- Your goal
Keep the pictures out. Write out every line of the listing exactly.

- Dataset extract

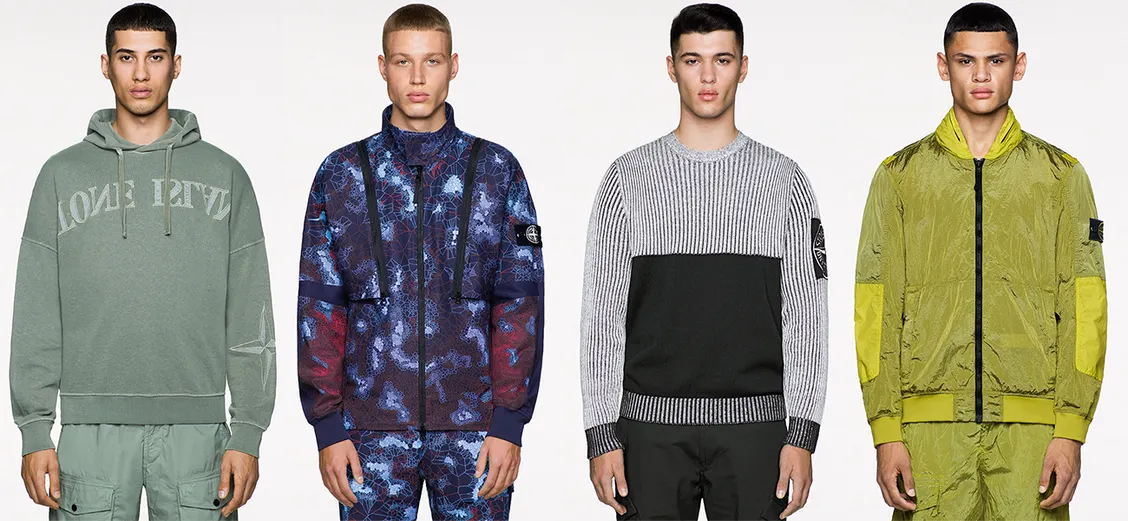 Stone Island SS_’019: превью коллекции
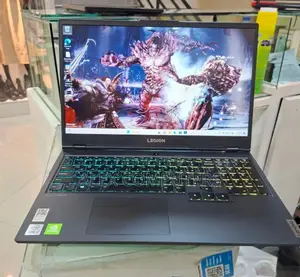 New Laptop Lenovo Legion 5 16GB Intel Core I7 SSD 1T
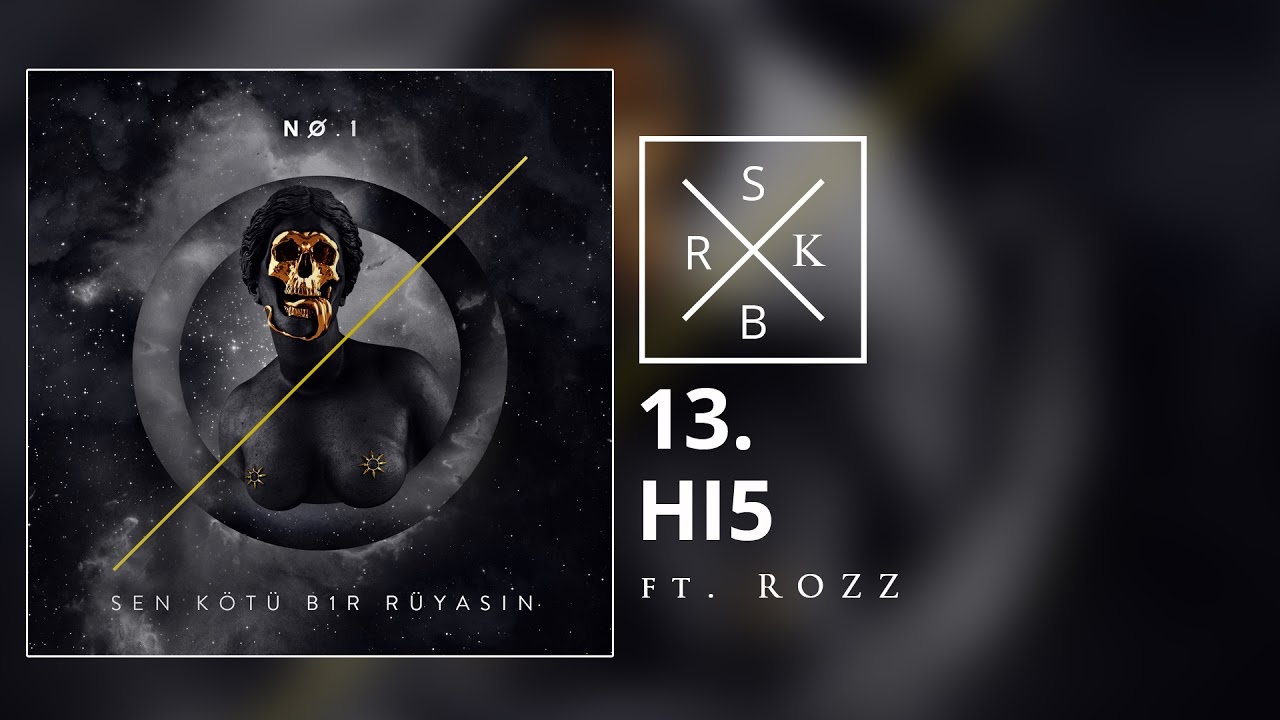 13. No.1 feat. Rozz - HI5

- Task response
 Stone Island SS_’019: превью коллекции
 New Laptop Lenovo Legion 5 16GB Intel Core I7 SSD 1T
 13. No.1 feat. Rozz - HI5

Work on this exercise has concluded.